What you will do: Set down exactly, from the records below, the line with "Size 5.5Y - Air" through the line with "Black Nubuck Men's Loafer", and nothing else.

Records supplied:
= = = =

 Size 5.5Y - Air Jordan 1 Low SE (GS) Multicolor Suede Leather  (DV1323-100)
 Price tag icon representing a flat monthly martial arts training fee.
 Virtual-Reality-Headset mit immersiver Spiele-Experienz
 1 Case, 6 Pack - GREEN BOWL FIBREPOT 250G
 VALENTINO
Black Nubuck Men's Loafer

= = = =

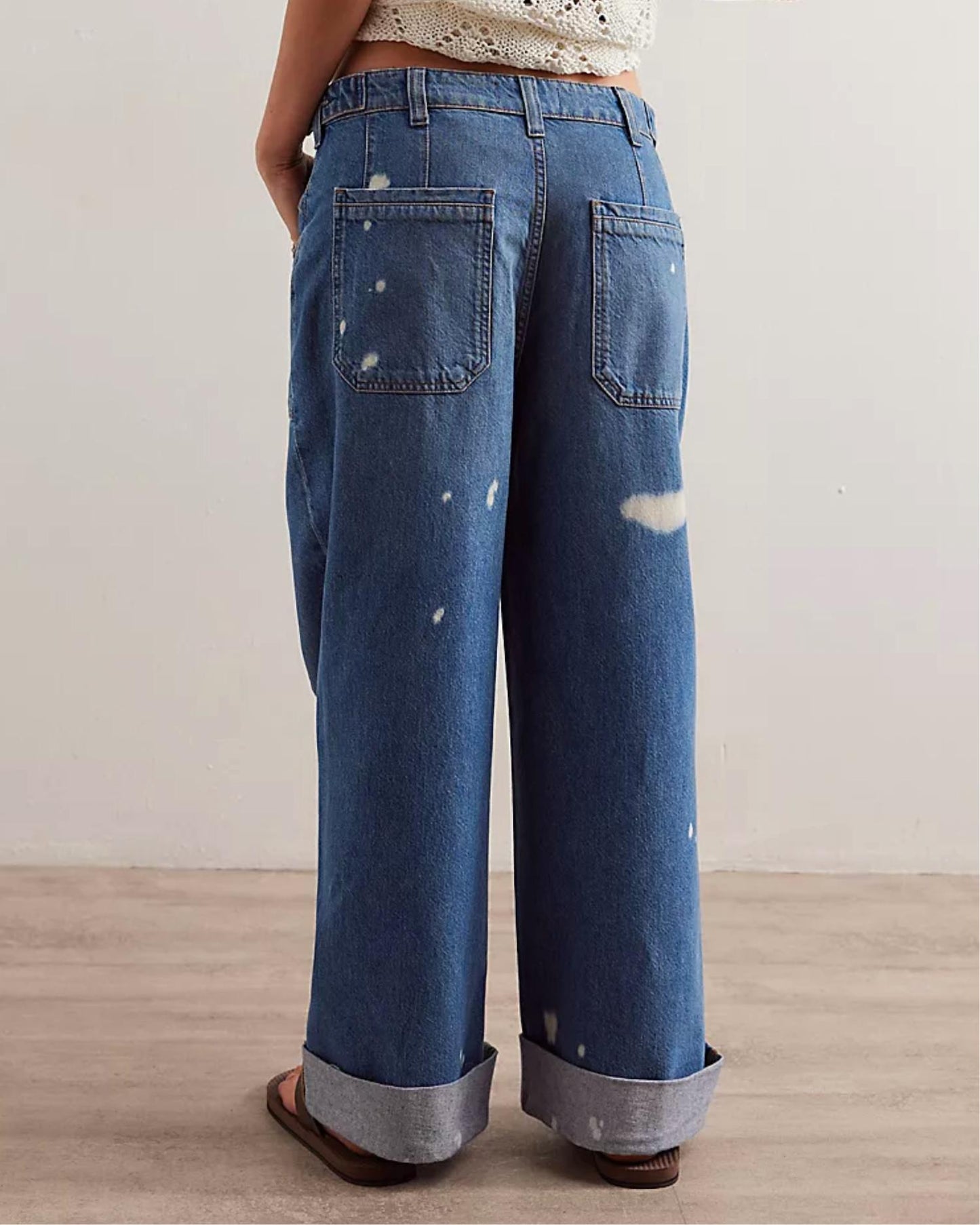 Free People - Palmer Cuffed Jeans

= = = =

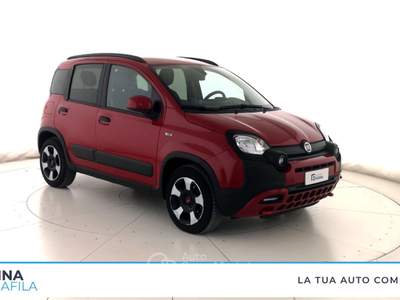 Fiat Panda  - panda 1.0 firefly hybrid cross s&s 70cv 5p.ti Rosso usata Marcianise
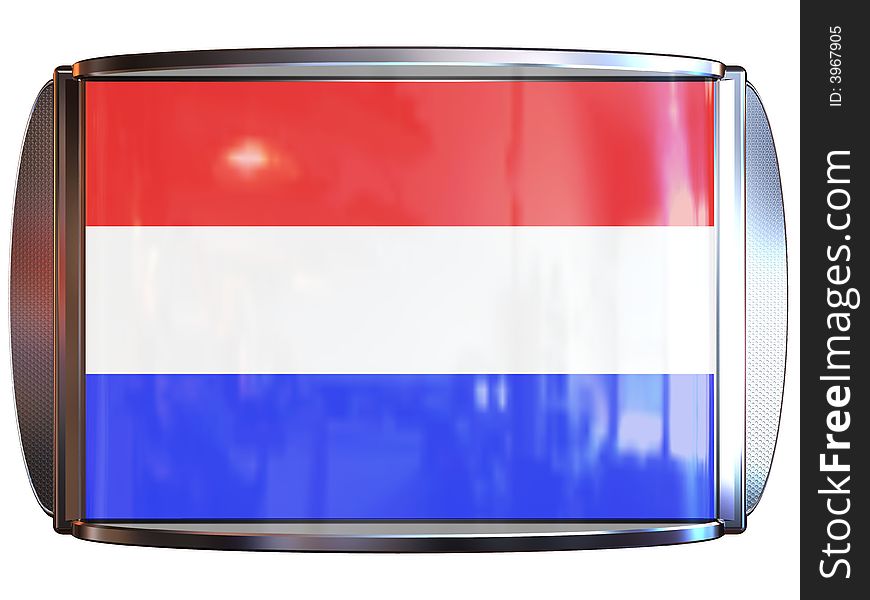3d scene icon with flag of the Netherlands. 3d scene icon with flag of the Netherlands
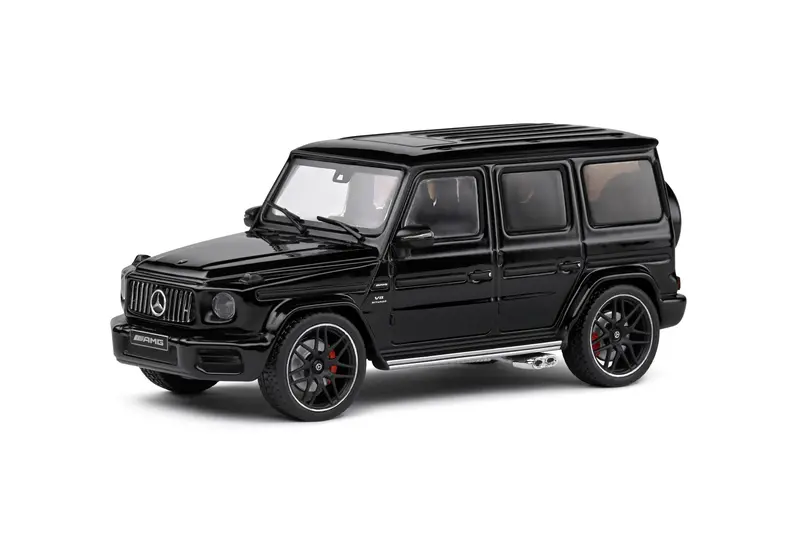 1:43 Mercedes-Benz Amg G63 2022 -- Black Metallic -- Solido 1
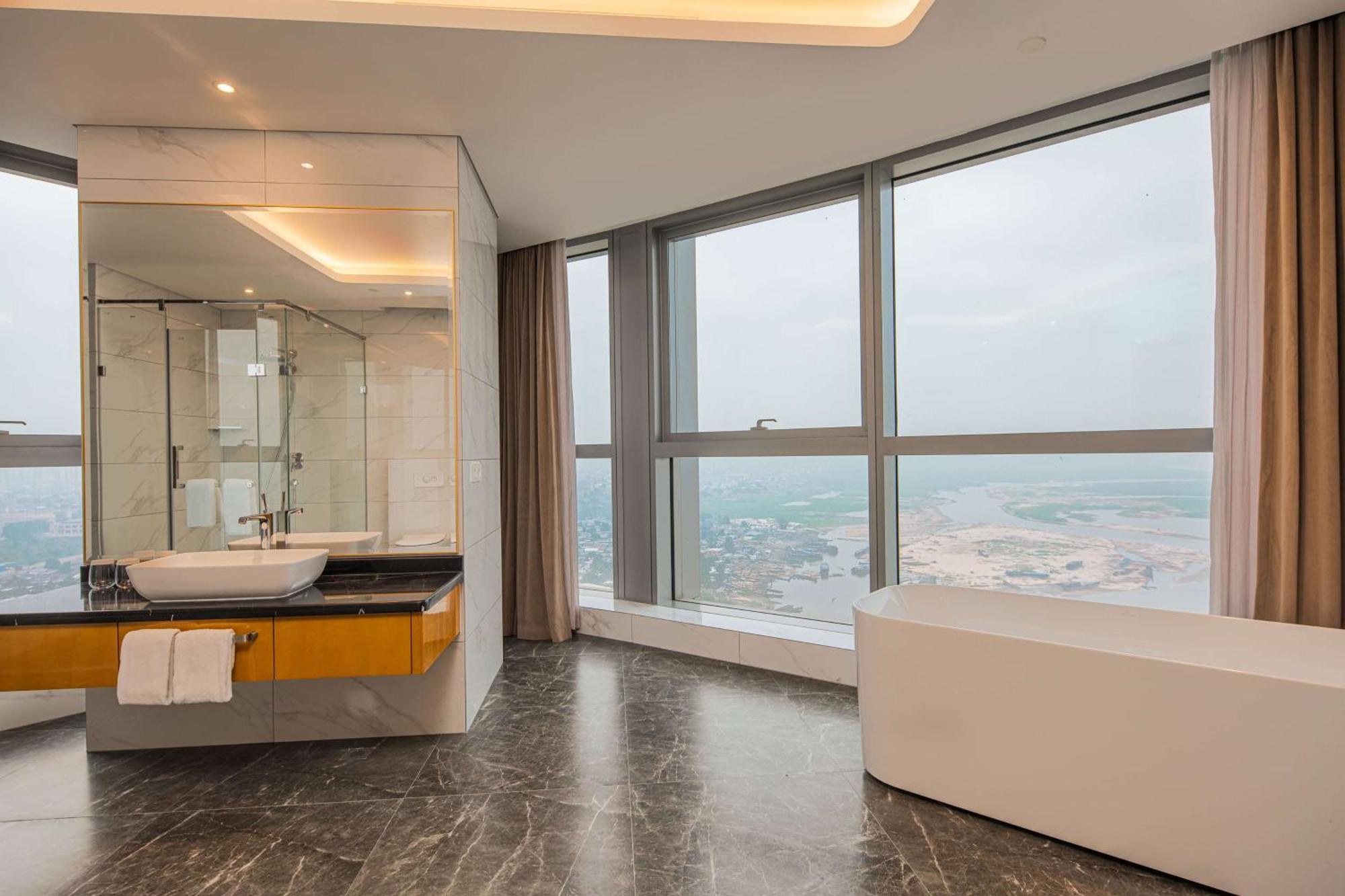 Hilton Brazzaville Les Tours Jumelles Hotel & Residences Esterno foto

= = = =

Written solution:
 Size 5.5Y - Air Jordan 1 Low SE (GS) Multicolor Suede Leather  (DV1323-100)
 Price tag icon representing a flat monthly martial arts training fee.
 Virtual-Reality-Headset mit immersiver Spiele-Experienz
 1 Case, 6 Pack - GREEN BOWL FIBREPOT 250G
 VALENTINO
Black Nubuck Men's Loafer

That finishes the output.